Exercise prompt:
Extract the run of lines that starts at the top of the records below and ends at the line with "foto gerbang perumahan GRAHA LARASATI 3", keeping both ends and excluding pictures.

Material supplied:

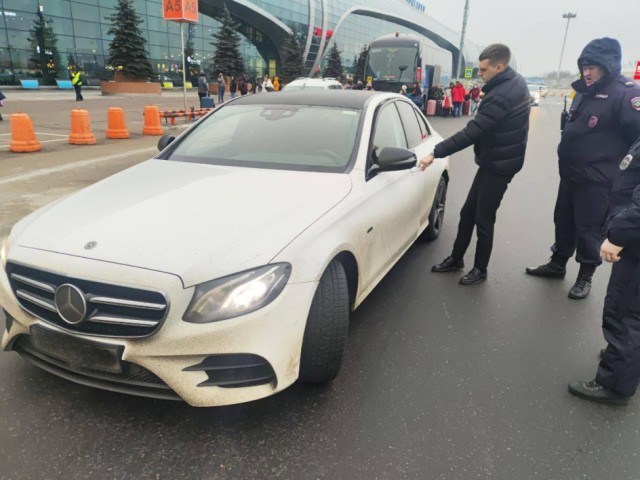 В Подмосковье возле аэропортов прошли облавы на нелегальные такси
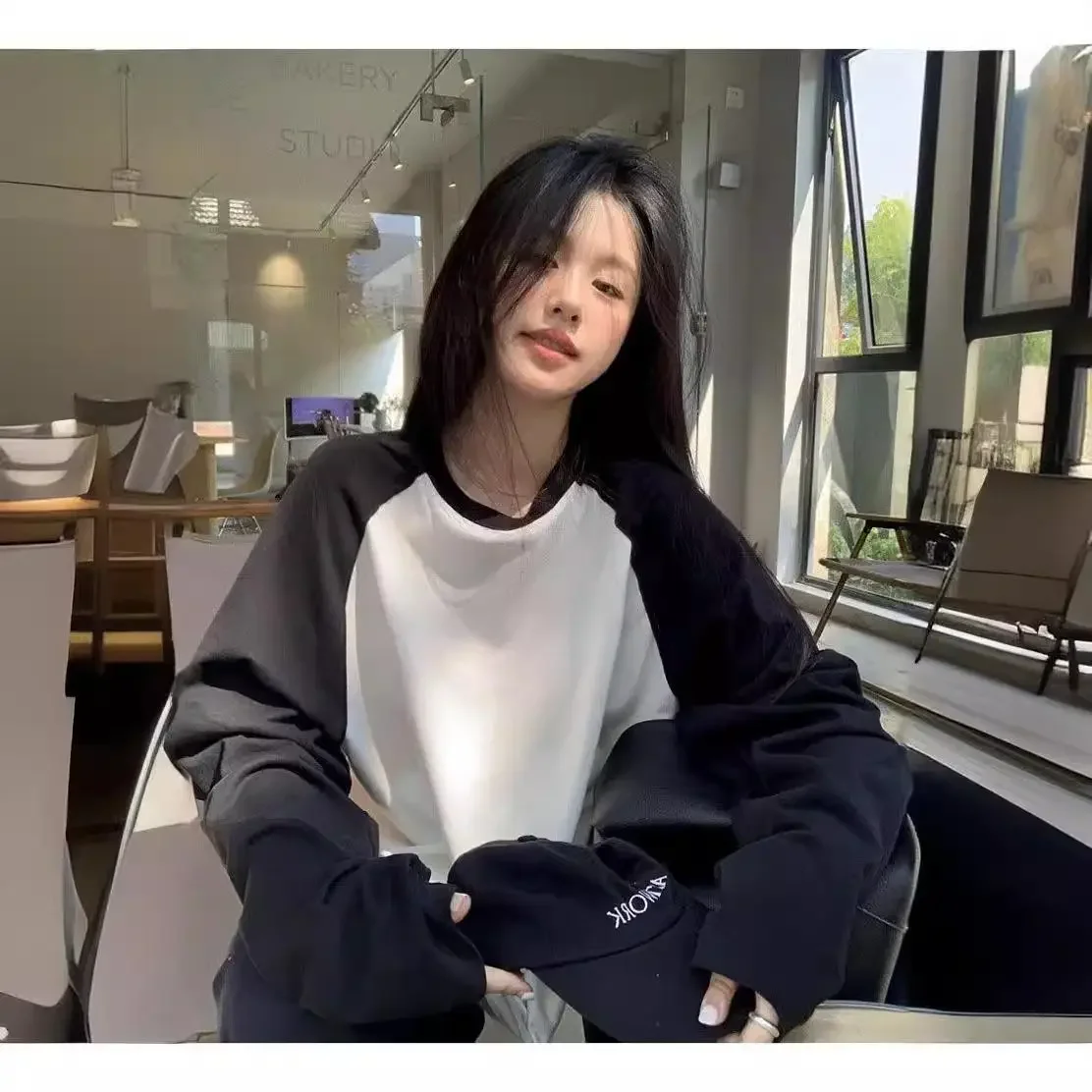 Женская футболка с длинным рукавом круглым вырезом и пэчворком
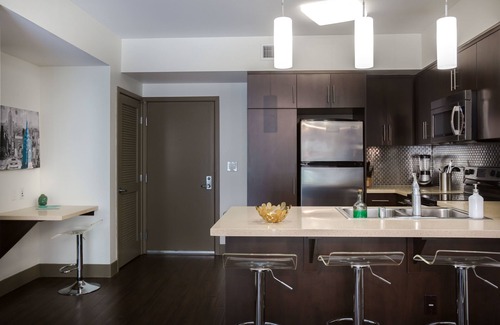 Hollywood Hills West Apartment | Hillside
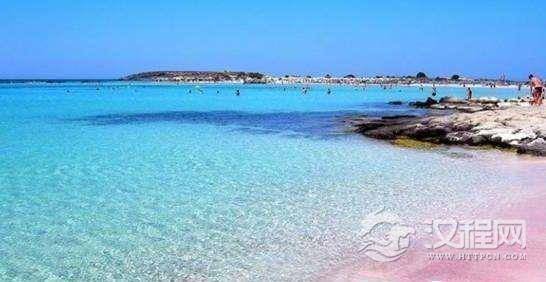 世界上最浪漫的粉红沙滩 看到这麽浪漫的地方怎麽能不心动！
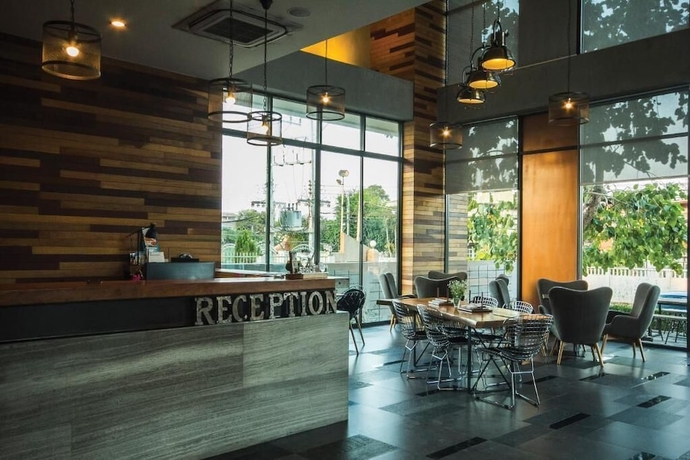 Imagen de los interiores del Hotel Space 59 Ratchaburi. Foto 18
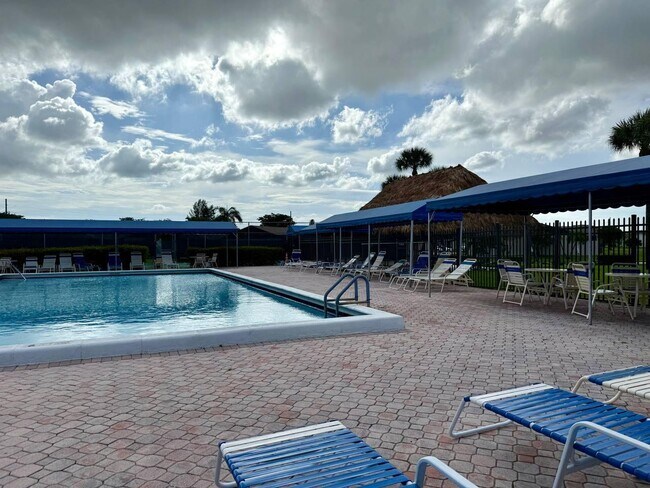 Building Photo - 5496 Viburnum Cir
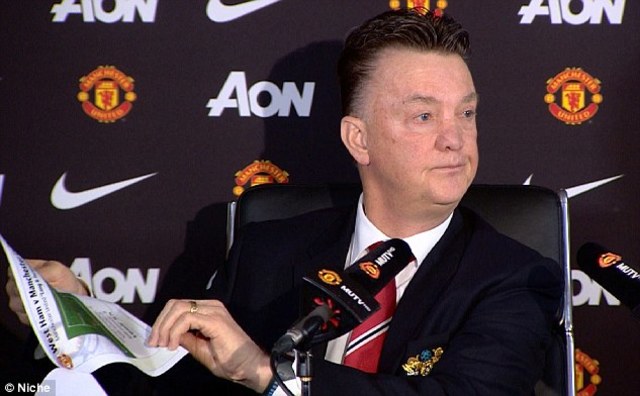 Van Gaal adresses the Media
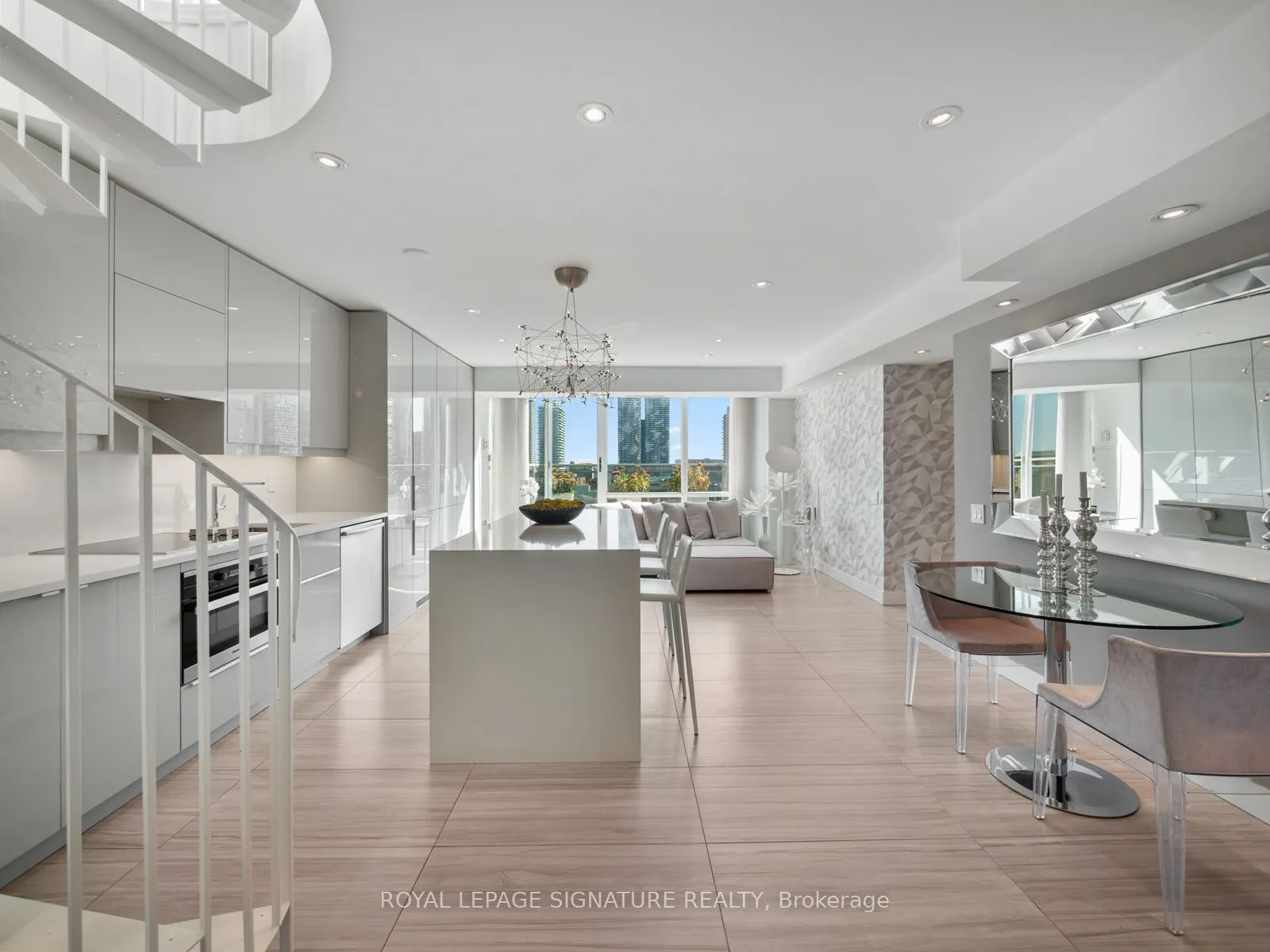 77 Lombard Street, #Ph03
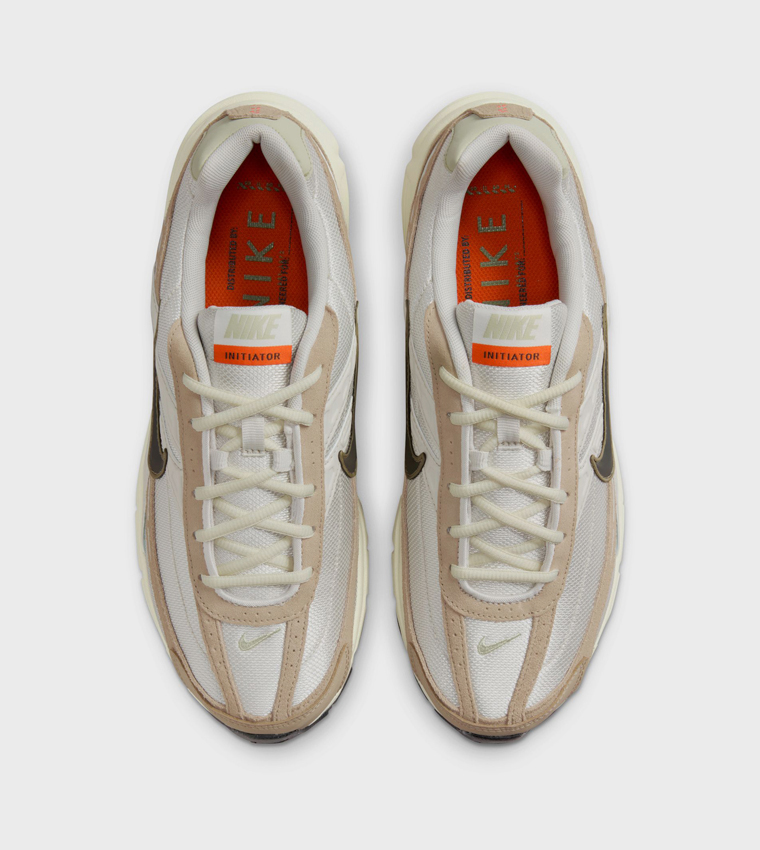 سنيكرز جري إنيشييتور برباط 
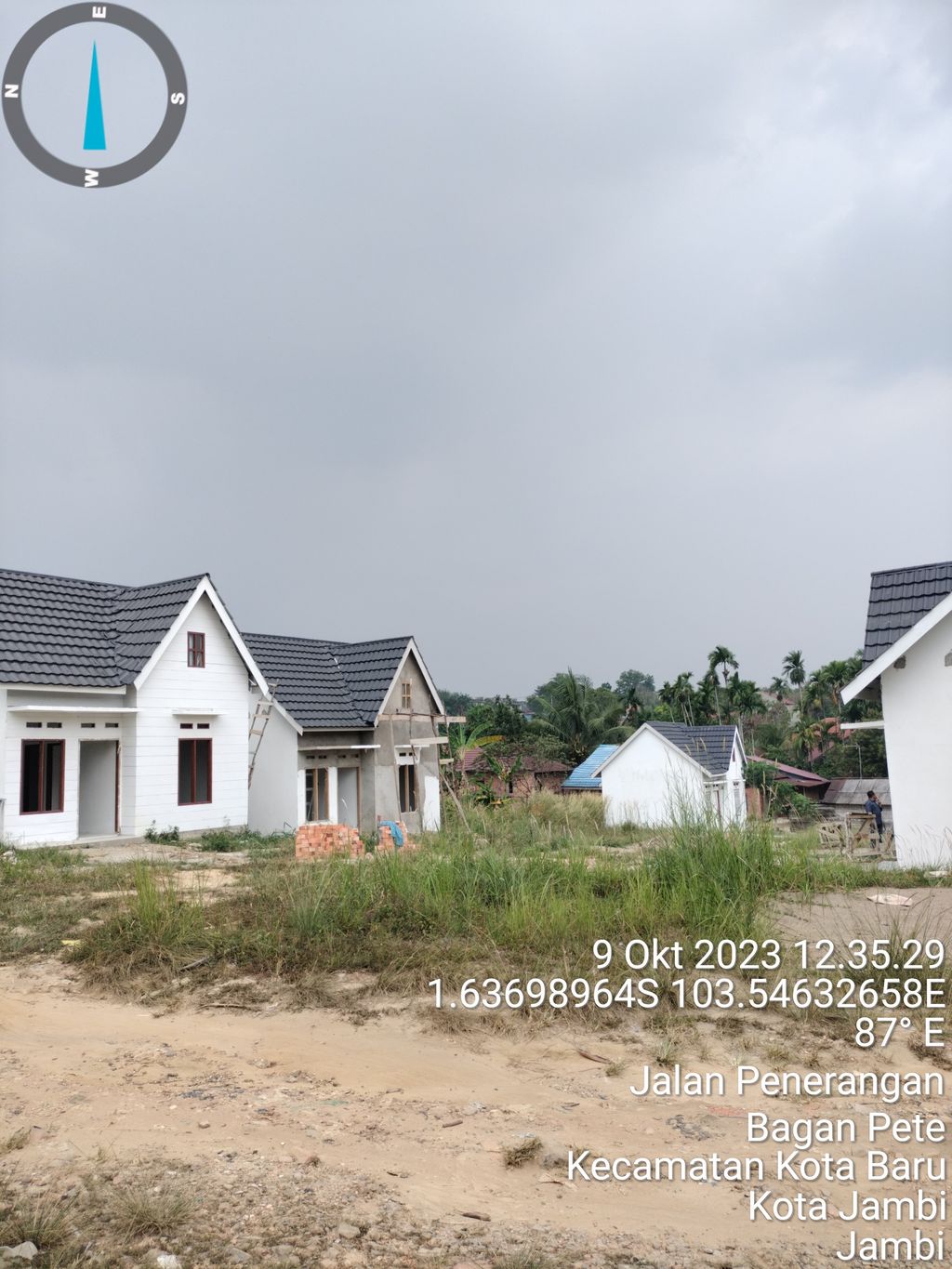 foto gerbang perumahan GRAHA LARASATI 3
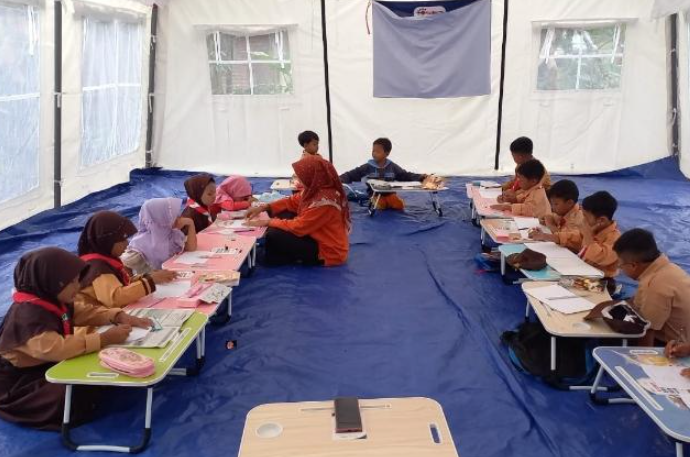 1.918 Satuan Pendidikan Terdampak Gempa Flores, Pemulihan Sekolah Dipercepat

Worked solution:
 В Подмосковье возле аэропортов прошли облавы на нелегальные такси
 Женская футболка с длинным рукавом круглым вырезом и пэчворком
 Hollywood Hills West Apartment | Hillside
 世界上最浪漫的粉红沙滩 看到这麽浪漫的地方怎麽能不心动！
 Imagen de los interiores del Hotel Space 59 Ratchaburi. Foto 18
 Building Photo - 5496 Viburnum Cir
 Van Gaal adresses the Media
 77 Lombard Street, #Ph03
 سنيكرز جري إنيشييتور برباط 
 foto gerbang perumahan GRAHA LARASATI 3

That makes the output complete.